The 2020–21 Eastern Michigan Eagles men's basketball team represented Eastern Michigan University during the 2020–21 NCAA Division I men's basketball season. The Eagles, led by 10th-year head coach Rob Murphy, played their home games at the Convocation Center in Ypsilanti, Michigan as members of the Mid-American Conference. Starting this season, the MAC announced the removal of divisions. They finished the season 6–12, 3–11 in MAC play to finish in 10th place. They failed to qualify for the MAC tournament.

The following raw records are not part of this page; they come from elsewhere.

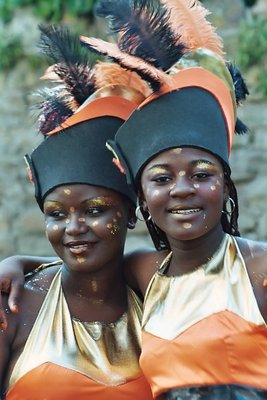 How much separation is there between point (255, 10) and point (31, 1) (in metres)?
1.68

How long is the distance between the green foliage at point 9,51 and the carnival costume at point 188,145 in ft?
11.3

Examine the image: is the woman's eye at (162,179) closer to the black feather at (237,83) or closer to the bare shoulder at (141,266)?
the bare shoulder at (141,266)

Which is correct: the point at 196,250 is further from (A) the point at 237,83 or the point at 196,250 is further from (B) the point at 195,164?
(A) the point at 237,83

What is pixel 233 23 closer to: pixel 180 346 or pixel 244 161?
pixel 244 161

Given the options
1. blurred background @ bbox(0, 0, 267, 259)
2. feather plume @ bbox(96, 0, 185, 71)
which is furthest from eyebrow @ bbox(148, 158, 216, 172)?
blurred background @ bbox(0, 0, 267, 259)

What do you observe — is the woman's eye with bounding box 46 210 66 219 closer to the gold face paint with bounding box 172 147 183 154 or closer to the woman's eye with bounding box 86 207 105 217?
the woman's eye with bounding box 86 207 105 217

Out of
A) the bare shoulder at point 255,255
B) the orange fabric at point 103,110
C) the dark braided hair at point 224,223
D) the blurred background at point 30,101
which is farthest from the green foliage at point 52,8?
the bare shoulder at point 255,255

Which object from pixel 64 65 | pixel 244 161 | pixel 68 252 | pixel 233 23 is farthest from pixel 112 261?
pixel 233 23

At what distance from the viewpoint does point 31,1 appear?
6.95m

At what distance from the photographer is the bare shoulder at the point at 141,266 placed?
12.4 ft

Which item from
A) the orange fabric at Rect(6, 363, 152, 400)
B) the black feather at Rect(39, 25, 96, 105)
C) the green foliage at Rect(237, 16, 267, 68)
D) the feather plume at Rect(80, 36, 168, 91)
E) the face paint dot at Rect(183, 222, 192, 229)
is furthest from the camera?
the green foliage at Rect(237, 16, 267, 68)

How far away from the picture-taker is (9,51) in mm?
7023

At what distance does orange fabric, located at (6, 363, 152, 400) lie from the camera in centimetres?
361

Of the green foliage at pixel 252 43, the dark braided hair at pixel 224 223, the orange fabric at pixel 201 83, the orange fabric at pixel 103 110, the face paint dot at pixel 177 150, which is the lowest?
the dark braided hair at pixel 224 223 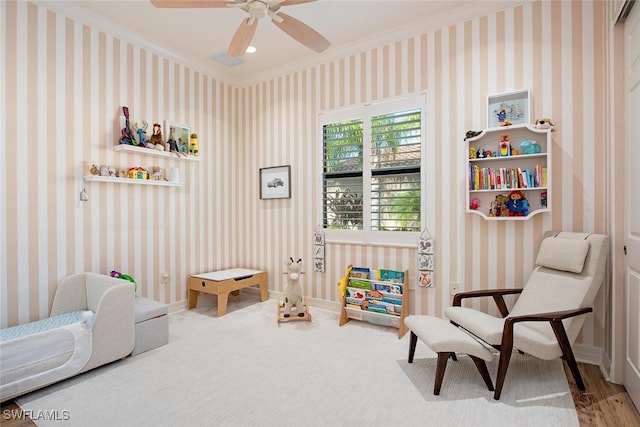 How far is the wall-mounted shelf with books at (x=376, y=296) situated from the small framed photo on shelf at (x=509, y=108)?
158cm

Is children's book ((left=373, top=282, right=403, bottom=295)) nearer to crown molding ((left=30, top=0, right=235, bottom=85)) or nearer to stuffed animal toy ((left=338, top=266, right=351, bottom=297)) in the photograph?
stuffed animal toy ((left=338, top=266, right=351, bottom=297))

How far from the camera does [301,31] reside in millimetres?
2482

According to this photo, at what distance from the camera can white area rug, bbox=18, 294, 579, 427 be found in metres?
1.90

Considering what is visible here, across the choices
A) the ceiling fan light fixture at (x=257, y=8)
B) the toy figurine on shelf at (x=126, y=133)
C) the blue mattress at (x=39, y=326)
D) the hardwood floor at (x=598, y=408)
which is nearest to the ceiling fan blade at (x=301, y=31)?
the ceiling fan light fixture at (x=257, y=8)

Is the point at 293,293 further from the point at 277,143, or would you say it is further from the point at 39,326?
the point at 39,326

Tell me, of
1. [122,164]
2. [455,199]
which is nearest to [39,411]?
[122,164]

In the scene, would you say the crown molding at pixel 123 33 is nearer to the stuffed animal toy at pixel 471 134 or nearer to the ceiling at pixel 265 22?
the ceiling at pixel 265 22

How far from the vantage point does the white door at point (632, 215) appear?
199cm

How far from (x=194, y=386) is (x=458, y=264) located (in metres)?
2.40

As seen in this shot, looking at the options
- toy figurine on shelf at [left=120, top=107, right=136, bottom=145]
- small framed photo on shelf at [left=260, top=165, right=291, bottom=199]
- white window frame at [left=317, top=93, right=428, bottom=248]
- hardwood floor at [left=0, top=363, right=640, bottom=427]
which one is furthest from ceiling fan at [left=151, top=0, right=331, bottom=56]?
hardwood floor at [left=0, top=363, right=640, bottom=427]

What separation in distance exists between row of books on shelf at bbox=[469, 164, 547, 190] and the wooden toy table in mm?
2648

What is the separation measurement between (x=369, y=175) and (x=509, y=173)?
1.33m

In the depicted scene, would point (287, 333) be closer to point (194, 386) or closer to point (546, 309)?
point (194, 386)

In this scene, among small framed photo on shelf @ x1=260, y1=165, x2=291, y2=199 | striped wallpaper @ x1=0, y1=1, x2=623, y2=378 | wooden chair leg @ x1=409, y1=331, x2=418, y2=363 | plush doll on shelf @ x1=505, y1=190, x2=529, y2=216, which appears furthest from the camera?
small framed photo on shelf @ x1=260, y1=165, x2=291, y2=199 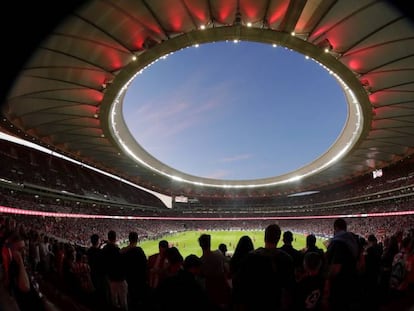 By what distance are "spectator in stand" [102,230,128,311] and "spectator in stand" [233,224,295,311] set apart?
3091 mm

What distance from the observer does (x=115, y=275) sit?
668 cm

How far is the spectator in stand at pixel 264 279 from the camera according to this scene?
4.20 m

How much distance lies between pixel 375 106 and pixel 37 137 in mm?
26580

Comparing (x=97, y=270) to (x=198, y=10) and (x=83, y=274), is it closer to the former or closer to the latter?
(x=83, y=274)

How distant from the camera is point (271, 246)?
14.7 ft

Following the season, the school announced it as parting ways with Murphy after 10 seasons. On April 12, 2021, the school hired EMU alum and former Kent State, Arkansas, and South Florida head coach Stan Heath as the team's new head coach.

==Previous season==
The Eagles finished the 2019–20 NCAA Division I men's basketball season 16–16, 6–12 in MAC play to finish in a tie for last place in the West Division. They lost in the first round of the MAC tournament to Kent State.

==Schedule and results==

| Date time, TV | Rank^{#} | Opponent^{#} | Result | Record | Site (attendance) city, state |
Regular season
| November 25, 2020* 6:00 pm, BTN |  | at No. 13 Michigan State | L 67–83 | 0–1 | Breslin Center East Lansing, MI |
| December 4, 2020 7:00 pm, ESPN3 |  | Toledo | L 74–91 | 0–2 (0–1) | Convocation Center Ypsilanti, MI |
| December 9, 2020 7:00 pm, ESPN3 |  | Adrian | W 95–35 | 1–2 | Convocation Center Ypsilanti, MI |
| December 16, 2020 8:00 pm, ESPN3 |  | Valparaiso | Canceled due to COVID-19 issues |  | Athletics–Recreation Center Valparaiso, IN |
| December 27, 2020 2:00 pm |  | Olivet | W 94–65 | 2–2 | Convocation Center Ypsilanti, MI |
| December 29, 2020 7:00 pm, ESPN3 |  | Central Michigan | L 60–87 | 2–3 (0–2) | Convocation Center Ypsilanti, MI |
| January 2, 2021 5:30 pm, ESPN3 |  | Kent State | Canceled due to COVID-19 issues |  | Convocation Center Ypsilanti, MI |
| January 5, 2021 7:00 pm |  | Akron | Canceled due to COVID-19 issues |  | Convocation Center Ypsilanti, MI |
| January 9, 2021 2:00 pm, ESPN+ |  | Akron | W 71–59 | 3–3 (1–2) | Convocation Center Ypsilanti, MI |
| January 12, 2021 7:00 pm, ESPN3 |  | at Toledo | L 63–96 | 3–4 (1–3) | Savage Arena Toledo, OH |
| January 14, 2021 7:00 pm, ESPN3 |  | Calvin | W 67–56 | 4–4 | Convocation Center Ypsilanti, MI |
| January 16, 2021 4:30 pm, ESPN3 |  | at Central Michigan | L 64–75 | 4–5 (1–4) | McGuirk Arena Mount Pleasant, MI |
| January 19, 2021 7:00 pm |  | Western Michigan | Postponed due to COVID-19 issues |  | Convocation Center Ypsilanti, MI |
| January 21, 2021 2:00 pm, ESPN+ |  | at Buffalo | L 77–92 | 4–6 (1–5) | Alumni Arena Amherst, NY |
| January 23, 2021 5:30 pm, ESPN3 |  | Miami (OH) | L 63–85 | 4–7 (1–6) | Convocation Center (100) Ypsilanti, MI |
| January 26, 2021 7:30 pm, ESPN3 |  | at Akron | L 65–86 | 4–8 (1–7) | James A. Rhodes Arena Akron, OH |
| January 29, 2021 |  | at Northern Illinois | Postponed due to COVID-19 issues |  | Convocation Center DeKalb, IL |
| February 2, 2021 7:00 pm |  | Bowling Green | Postponed due to COVID-19 issues |  | Convocation Center Ypsilanti, MI |
| February 6, 2021 2:00 pm |  | at Ohio | Postponed due to COVID-19 issues |  | Convocation Center Athens, OH |
| February 9, 2021 7:00 pm |  | at Miami (OH) | Canceled due to COVID-19 issues |  | Millett Hall Oxford, OH |
| February 13, 2021 1:00 pm |  | Ball State | Postponed due to COVID-19 issues |  | Convocation Center Ypsilanti, MI |
| February 16, 2021 5:00 pm, ESPN3 |  | Buffalo | Postponed due to COVID-19 issues |  | Convocation Center Ypsilanti, MI |
| February 20, 2021 2:00 pm, ESPN3 |  | at Kent State | L 51–64 | 4–9 (1–8) | MAC Center Kent, OH |
| February 23, 2021 7:00 pm |  | Bowling Green | L 69–82 | 4–10 (1–9) | Convocation Center (125) Ypsilanti, MI |
| February 25, 2021 2:00 pm, ESPN3 |  | at Ohio | L 67–86 | 4–11 (1–10) | Convocation Center Athens, OH |
| February 27, 2021 1:00 pm, ESPN3 |  | Northern Illinois | W 91–57 | 5–11 (2–10) | Convocation Center Ypsilanti, MI |
| March 2, 2021 7:00 pm, ESPN3 |  | at Ball State | L 65–100 | 5–12 (2–11) | Worthen Arena (92) Muncie, IN |
| March 5, 2021 7:00 pm, ESPN3 |  | at Western Michigan | W 64–63 | 6–12 (3–11) | University Arena (100) Kalamazoo, MI |
*Non-conference game. ^{#}Rankings from AP Poll. (#) Tournament seedings in parentheses. All times are in Eastern Time.